Uganda’s Museveni wins sixth presidential term amid disputes
President Yoweri Museveni won a sixth term as president, Uganda’s electoral commission said yesterday,
But leading challenger Bobi Wine accused Mr Museveni of rigging as officials struggled to explain how results were compiled amid an internet breakdown.
Mr Wine, 38, a former singer, posed arguably the greatest challenge yet to Mr Museveni, who has held power since 1986.
Mr Wine had strong support in urban centres where frustration with unemployment and corruption is high.
The electoral commission said Mr Museveni received 58 per cent of ballots and Mr Wine 34 per cent, and voter turnout was 52 per cent.
The top US diplomat to Africa called the electoral process “fundamentally flawed”.
Thursday’s vote followed the East African country’s worst pre-election violence since the Mr Museveni, now 76, took office over three decades ago.
Mr Wine and other opposition candidates were often harassed, and more than 50 people were killed when security forces put down riots in last November over his arrest.

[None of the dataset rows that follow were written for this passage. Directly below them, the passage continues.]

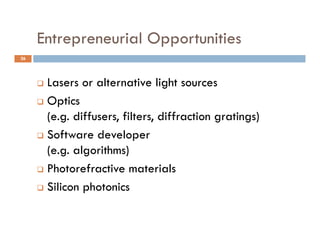 Entrepreneurial Opportunities
          p           pp
26




      Lasers or alternative light sources
      Optics

       (e.g. diffusers, filters, diffraction gratings)
      Software developer  p
       (e.g. algorithms)
      Photorefractive materials

      Silicon photonics
 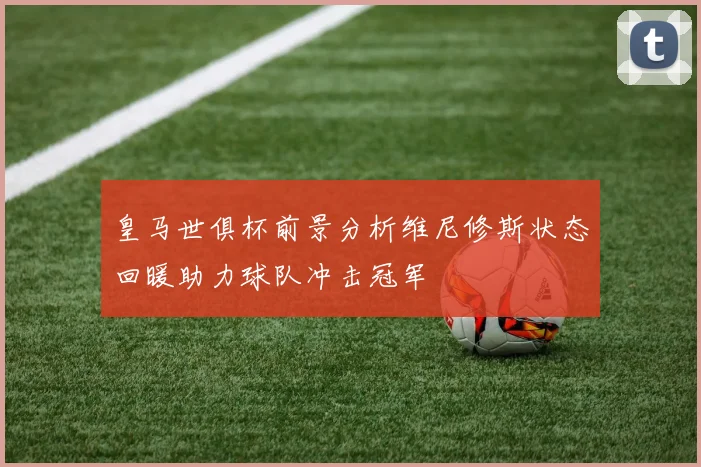 皇马世俱杯前景分析维尼修斯状态回暖助力球队冲击冠军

Mr Wine petitioned the International Criminal Court this month over alleged torture and other abuses by security forces.
While the president holds on to power, at least 15 of his Cabinet ministers, including the vice president, were voted out, with many losing to candidates from Mr Wine’s party, local media reported.
Mr Wine, who claimed victory on Friday, said he had video evidence of vote-rigging and that every legal option was being explored to challenge the official election results.
Those can be challenged at the Supreme Court.
Hours later, he tweeted that the military had entered his home compound and “we are in serious trouble”. A military spokeswoman rejected the claim.
Mr Wine, whose real name is Kyagulanyi Ssentamu, was roughed up and arrested several times while campaigning but was never convicted. Eventually he campaigned wearing a flak jacket and said he feared for his life.
A heavy presence of security forces remained around his home, where he has said he was alone with his wife and a single security guard.
Uganda’s electoral commission said Mr Wine should prove his allegations of rigging, and it deflected questions about voting results being transmitted during the internet shutdown by saying “we designed our own system”.
Monitoring of the vote was further complicated by the arrests of independent monitors and the denial of accreditation to so many members of the United States’ observer mission that was later called off.
Another major observer, the European Union, said its offer to deploy electoral experts “was not taken up”.
“Uganda’s electoral process has been fundamentally flawed,” the top US diplomat for Africa, Tibor Nagy, tweeted yesterday. “The US response hinges on what the Ugandan government does now.”